• PROBLEM STATEMENT
Line by line, the entries below are to be reproduced unaltered.

• DATA TO USE
==*==
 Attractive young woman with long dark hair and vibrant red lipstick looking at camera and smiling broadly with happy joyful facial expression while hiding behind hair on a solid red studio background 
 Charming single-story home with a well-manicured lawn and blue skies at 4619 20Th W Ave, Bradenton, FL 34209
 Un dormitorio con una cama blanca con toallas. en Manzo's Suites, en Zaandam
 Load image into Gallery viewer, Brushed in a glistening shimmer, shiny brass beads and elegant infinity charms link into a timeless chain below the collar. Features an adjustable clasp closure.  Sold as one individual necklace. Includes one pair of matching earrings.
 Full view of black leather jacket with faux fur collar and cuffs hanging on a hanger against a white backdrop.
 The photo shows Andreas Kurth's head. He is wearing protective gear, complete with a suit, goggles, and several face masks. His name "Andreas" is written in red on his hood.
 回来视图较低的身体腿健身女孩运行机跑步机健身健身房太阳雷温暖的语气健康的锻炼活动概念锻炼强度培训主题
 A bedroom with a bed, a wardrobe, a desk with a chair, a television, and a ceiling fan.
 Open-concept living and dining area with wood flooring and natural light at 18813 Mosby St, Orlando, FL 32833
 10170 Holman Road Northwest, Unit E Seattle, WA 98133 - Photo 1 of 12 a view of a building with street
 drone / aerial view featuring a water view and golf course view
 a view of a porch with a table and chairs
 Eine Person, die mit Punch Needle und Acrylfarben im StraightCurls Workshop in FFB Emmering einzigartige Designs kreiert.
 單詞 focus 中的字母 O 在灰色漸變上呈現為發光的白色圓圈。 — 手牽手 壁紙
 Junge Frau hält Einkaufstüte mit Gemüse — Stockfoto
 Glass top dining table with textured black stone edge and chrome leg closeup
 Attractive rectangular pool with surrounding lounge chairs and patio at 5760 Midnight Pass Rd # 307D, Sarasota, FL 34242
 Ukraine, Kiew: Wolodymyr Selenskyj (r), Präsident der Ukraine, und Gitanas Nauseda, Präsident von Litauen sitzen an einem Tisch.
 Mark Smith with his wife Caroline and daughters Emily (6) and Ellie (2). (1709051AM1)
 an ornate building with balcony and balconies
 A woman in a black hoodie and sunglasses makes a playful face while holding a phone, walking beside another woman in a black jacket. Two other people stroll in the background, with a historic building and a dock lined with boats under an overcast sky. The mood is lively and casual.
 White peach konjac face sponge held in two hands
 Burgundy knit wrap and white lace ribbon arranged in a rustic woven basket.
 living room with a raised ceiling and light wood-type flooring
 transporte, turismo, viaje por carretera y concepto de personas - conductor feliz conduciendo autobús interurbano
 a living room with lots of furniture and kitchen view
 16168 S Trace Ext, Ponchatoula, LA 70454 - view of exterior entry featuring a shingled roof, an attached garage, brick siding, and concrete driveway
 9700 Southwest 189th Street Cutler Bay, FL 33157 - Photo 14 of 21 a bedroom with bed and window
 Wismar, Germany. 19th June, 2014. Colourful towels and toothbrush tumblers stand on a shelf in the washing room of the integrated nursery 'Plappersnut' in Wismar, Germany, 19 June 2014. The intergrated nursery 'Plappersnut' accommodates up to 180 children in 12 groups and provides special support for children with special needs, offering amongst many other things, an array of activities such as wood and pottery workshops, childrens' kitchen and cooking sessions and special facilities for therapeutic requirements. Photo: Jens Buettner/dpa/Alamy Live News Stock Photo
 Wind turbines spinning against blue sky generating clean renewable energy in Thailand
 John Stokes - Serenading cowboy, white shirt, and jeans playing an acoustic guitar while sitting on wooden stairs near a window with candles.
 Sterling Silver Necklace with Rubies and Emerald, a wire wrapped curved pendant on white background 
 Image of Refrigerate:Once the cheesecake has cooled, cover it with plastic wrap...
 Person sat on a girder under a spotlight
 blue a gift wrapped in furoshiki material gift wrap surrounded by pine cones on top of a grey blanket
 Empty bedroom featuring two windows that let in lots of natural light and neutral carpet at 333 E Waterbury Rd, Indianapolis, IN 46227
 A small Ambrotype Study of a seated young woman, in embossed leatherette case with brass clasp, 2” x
==*==
• COMPLETED TASK
 Attractive young woman with long dark hair and vibrant red lipstick looking at camera and smiling broadly with happy joyful facial expression while hiding behind hair on a solid red studio background 
 Charming single-story home with a well-manicured lawn and blue skies at 4619 20Th W Ave, Bradenton, FL 34209
 Un dormitorio con una cama blanca con toallas. en Manzo's Suites, en Zaandam
 Load image into Gallery viewer, Brushed in a glistening shimmer, shiny brass beads and elegant infinity charms link into a timeless chain below the collar. Features an adjustable clasp closure.  Sold as one individual necklace. Includes one pair of matching earrings.
 Full view of black leather jacket with faux fur collar and cuffs hanging on a hanger against a white backdrop.
 The photo shows Andreas Kurth's head. He is wearing protective gear, complete with a suit, goggles, and several face masks. His name "Andreas" is written in red on his hood.
 回来视图较低的身体腿健身女孩运行机跑步机健身健身房太阳雷温暖的语气健康的锻炼活动概念锻炼强度培训主题
 A bedroom with a bed, a wardrobe, a desk with a chair, a television, and a ceiling fan.
 Open-concept living and dining area with wood flooring and natural light at 18813 Mosby St, Orlando, FL 32833
 10170 Holman Road Northwest, Unit E Seattle, WA 98133 - Photo 1 of 12 a view of a building with street
 drone / aerial view featuring a water view and golf course view
 a view of a porch with a table and chairs
 Eine Person, die mit Punch Needle und Acrylfarben im StraightCurls Workshop in FFB Emmering einzigartige Designs kreiert.
 單詞 focus 中的字母 O 在灰色漸變上呈現為發光的白色圓圈。 — 手牽手 壁紙
 Junge Frau hält Einkaufstüte mit Gemüse — Stockfoto
 Glass top dining table with textured black stone edge and chrome leg closeup
 Attractive rectangular pool with surrounding lounge chairs and patio at 5760 Midnight Pass Rd # 307D, Sarasota, FL 34242
 Ukraine, Kiew: Wolodymyr Selenskyj (r), Präsident der Ukraine, und Gitanas Nauseda, Präsident von Litauen sitzen an einem Tisch.
 Mark Smith with his wife Caroline and daughters Emily (6) and Ellie (2). (1709051AM1)
 an ornate building with balcony and balconies
 A woman in a black hoodie and sunglasses makes a playful face while holding a phone, walking beside another woman in a black jacket. Two other people stroll in the background, with a historic building and a dock lined with boats under an overcast sky. The mood is lively and casual.
 White peach konjac face sponge held in two hands
 Burgundy knit wrap and white lace ribbon arranged in a rustic woven basket.
 living room with a raised ceiling and light wood-type flooring
 transporte, turismo, viaje por carretera y concepto de personas - conductor feliz conduciendo autobús interurbano
 a living room with lots of furniture and kitchen view
 16168 S Trace Ext, Ponchatoula, LA 70454 - view of exterior entry featuring a shingled roof, an attached garage, brick siding, and concrete driveway
 9700 Southwest 189th Street Cutler Bay, FL 33157 - Photo 14 of 21 a bedroom with bed and window
 Wismar, Germany. 19th June, 2014. Colourful towels and toothbrush tumblers stand on a shelf in the washing room of the integrated nursery 'Plappersnut' in Wismar, Germany, 19 June 2014. The intergrated nursery 'Plappersnut' accommodates up to 180 children in 12 groups and provides special support for children with special needs, offering amongst many other things, an array of activities such as wood and pottery workshops, childrens' kitchen and cooking sessions and special facilities for therapeutic requirements. Photo: Jens Buettner/dpa/Alamy Live News Stock Photo
 Wind turbines spinning against blue sky generating clean renewable energy in Thailand
 John Stokes - Serenading cowboy, white shirt, and jeans playing an acoustic guitar while sitting on wooden stairs near a window with candles.
 Sterling Silver Necklace with Rubies and Emerald, a wire wrapped curved pendant on white background 
 Image of Refrigerate:Once the cheesecake has cooled, cover it with plastic wrap...
 Person sat on a girder under a spotlight
 blue a gift wrapped in furoshiki material gift wrap surrounded by pine cones on top of a grey blanket
 Empty bedroom featuring two windows that let in lots of natural light and neutral carpet at 333 E Waterbury Rd, Indianapolis, IN 46227
 A small Ambrotype Study of a seated young woman, in embossed leatherette case with brass clasp, 2” x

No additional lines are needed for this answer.